Monday, June 16, 2014

Wonder what Jim Bunning thinks about this?

On matters of policy, we always were bigger fans of Jim Bunning as a U.S. senator from Kentucky than we were of Mitch McConnell. Bunning usually staked out a more conservative position on many issues, and there were many times when Bunning canceled out Mitch's vote when McConnell sided with the liberals on certain things.

Politically, however, Bunning ran aground on the same rocky shore as McConnell did when they both failed to support Gov. Ernie Fletcher, first when he came under attack from Democrats when he tried to end years of hiring abuses in state government, and then when he ran for re-election in 2007.

In fact, many believe Bunning carried much of McConnell's water during the 2007 gubernatorial election. While McConnell never made any public statements, many believe he was responsible for recruiting former U.S. Rep. Anne Northup to run against Fletcher in the Republican primary. On the other hand, Bunning actively endorsed and supported Northup against Fletcher.

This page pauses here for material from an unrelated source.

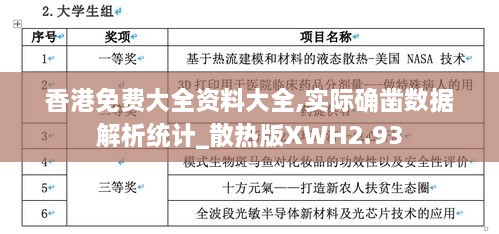 香港免费大全资料大全,实际确凿数据解析统计_散热版XWH2.93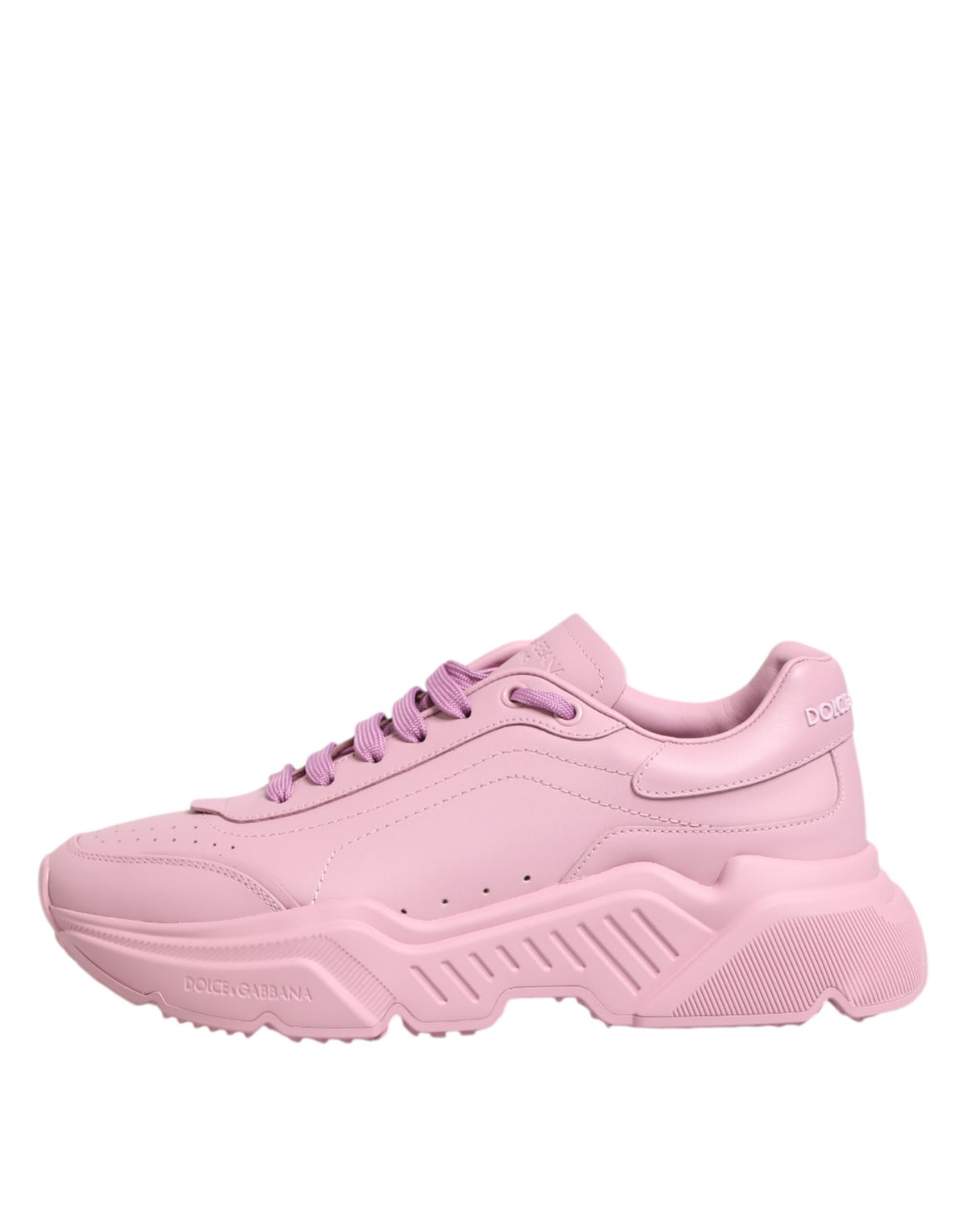 Dolce & Gabbana pink leather Daymaster low top sneakers with white soles and stylish design.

Three years later, Bunning got a taste of his own medicine. When he launched his re-election bid in advance of the 2010 Senate race, McConnell turned against Bunning. He urged his donors not to contribute to Bunning's campaign, and put the weight of his political machine behind Secretary of State Trey Grayson. Grayson, a former Democrat, had won election to statewide office in 2003 by riding the coattails of Fletcher, then won re-election in 2007 against a lightweight Democrat opponent.

We all know how that ended up. Bunning was forced from the race, and his preferred candidate (Rand Paul) toppled McConnell's hand-picked candidate (Grayson), then Paul rolled to victory in the fall.

McConnell never explained why he turned against Bunning. But he certainly made it known that he did not support the incumbent's re-election in 2010.

Why do we bring this up now? Because McConnell has gone from working against an incumbent from his own party in his own state four years ago to working for an incumbent in another state this year.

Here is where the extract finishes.